Considering all the results obtained from all test series, it can be concluded that the current standards for testing the safety of a cell in a battery system are not sufficient. As mentioned in Section 2., in battery systems with a high system voltage of series-connected cylindrical cells, a voltage drop can occur at an open CID, which can lead to the formation of a critical arc (refer to Figure 8). Consequently, the cell burns or can explode. Therefore, the cell tests with twice the nominal voltage are not significant in terms of the safety behavior of a cell if the cell is connected in series in a battery system, and so the current standards must be revised. It is recommended that the tests on the cell level should be performed at least up to the maximum voltage level of the battery system where the cells are planned to be installed and operated.
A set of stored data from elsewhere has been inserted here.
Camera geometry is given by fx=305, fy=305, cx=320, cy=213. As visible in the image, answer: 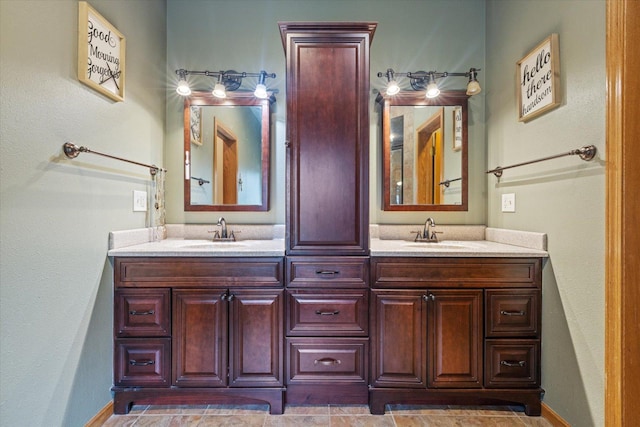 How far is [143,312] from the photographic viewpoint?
1620 mm

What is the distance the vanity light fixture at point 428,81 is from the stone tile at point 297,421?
205 cm

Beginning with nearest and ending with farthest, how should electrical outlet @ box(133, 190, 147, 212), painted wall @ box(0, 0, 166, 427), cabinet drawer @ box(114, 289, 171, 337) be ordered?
painted wall @ box(0, 0, 166, 427) < cabinet drawer @ box(114, 289, 171, 337) < electrical outlet @ box(133, 190, 147, 212)

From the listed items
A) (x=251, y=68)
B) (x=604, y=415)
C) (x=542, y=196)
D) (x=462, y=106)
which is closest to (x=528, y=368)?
(x=604, y=415)

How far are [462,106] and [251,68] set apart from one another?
5.18 ft

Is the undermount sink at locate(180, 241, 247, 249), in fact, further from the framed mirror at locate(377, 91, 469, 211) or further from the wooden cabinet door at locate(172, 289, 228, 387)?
the framed mirror at locate(377, 91, 469, 211)

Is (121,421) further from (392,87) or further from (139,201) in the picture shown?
(392,87)

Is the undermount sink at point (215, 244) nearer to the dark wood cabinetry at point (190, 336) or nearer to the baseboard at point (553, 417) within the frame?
the dark wood cabinetry at point (190, 336)

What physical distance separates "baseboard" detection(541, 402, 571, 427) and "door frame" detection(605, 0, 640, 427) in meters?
0.41

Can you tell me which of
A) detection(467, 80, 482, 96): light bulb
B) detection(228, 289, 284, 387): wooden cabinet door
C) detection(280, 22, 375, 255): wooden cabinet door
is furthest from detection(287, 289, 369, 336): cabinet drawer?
detection(467, 80, 482, 96): light bulb

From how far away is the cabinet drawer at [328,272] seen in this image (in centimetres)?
166

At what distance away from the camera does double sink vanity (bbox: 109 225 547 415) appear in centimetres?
162

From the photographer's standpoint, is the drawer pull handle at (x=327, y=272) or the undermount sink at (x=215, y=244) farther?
the undermount sink at (x=215, y=244)

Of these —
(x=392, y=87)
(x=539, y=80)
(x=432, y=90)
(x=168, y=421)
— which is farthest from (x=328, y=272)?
(x=539, y=80)

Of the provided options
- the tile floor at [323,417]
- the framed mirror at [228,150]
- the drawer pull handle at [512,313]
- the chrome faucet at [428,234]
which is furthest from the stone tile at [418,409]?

Additionally, it was found that the hazard potential increases while overcharging the cells with very high voltages. Therefore, the application of cells with CID should be reconsidered in a battery system, where such cells are interconnected in series in large quantities. The reason for such consideration is because a tripping CID might cause a catastrophic failure of the cell. The alternate solution for this problem is to design the cells with CID in a way that the CID can withstand such high voltages.

From a future research point of view, the arc issues can be considered and investigated to understand whether the charging current continues to flow via an arc or through the electrolyte. This investigation will provide better insight into the internal safety mechanisms of the cells and will provide information on what exactly causes the charging current not to be disconnected after the CID has been triggered.